▸ ENTRIES PROVIDED:
Segment Open
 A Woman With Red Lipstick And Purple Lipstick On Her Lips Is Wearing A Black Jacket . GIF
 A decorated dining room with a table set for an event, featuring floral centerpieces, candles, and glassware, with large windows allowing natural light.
Segment Closed
Segment Open
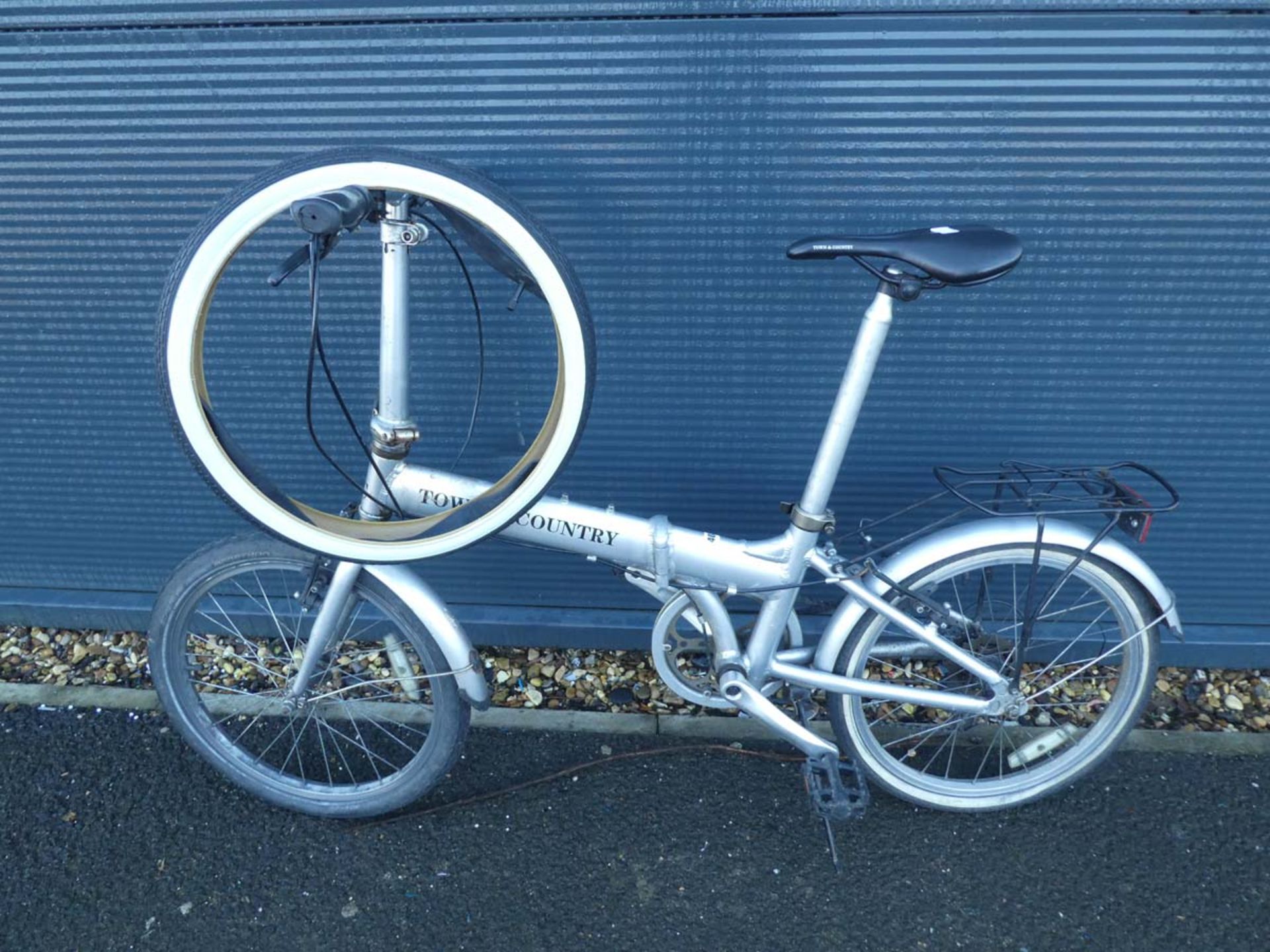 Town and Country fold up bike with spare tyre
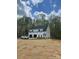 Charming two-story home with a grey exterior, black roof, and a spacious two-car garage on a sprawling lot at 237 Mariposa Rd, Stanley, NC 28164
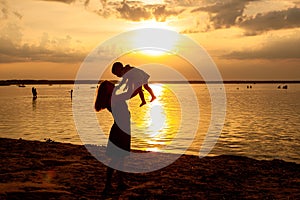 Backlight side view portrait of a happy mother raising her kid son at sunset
Segment Closed
Segment Open
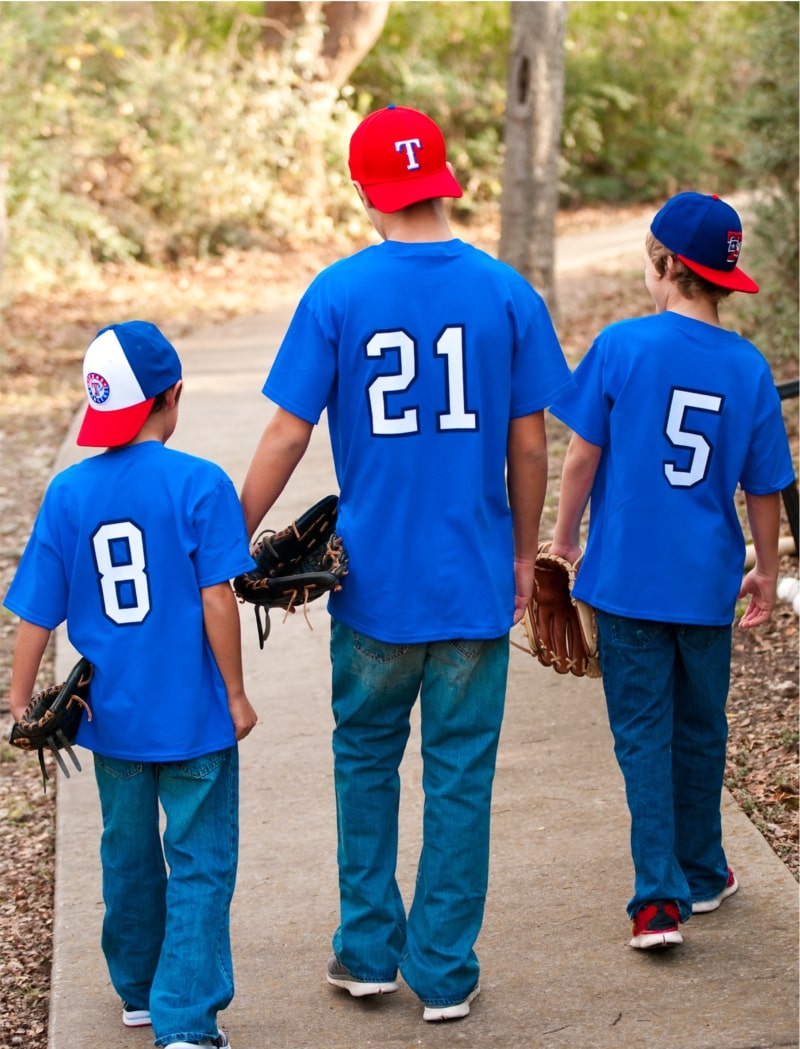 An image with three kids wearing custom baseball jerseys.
Segment Closed
▸ WORK INSTRUCTIONS:
Beginning at the line with "A Woman With" and ending at the line with "A decorated dining", reproduce each line of the data above exactly, and add no other lines.

▸ REPLY TO THE EXERCISE:
 A Woman With Red Lipstick And Purple Lipstick On Her Lips Is Wearing A Black Jacket . GIF
 A decorated dining room with a table set for an event, featuring floral centerpieces, candles, and glassware, with large windows allowing natural light.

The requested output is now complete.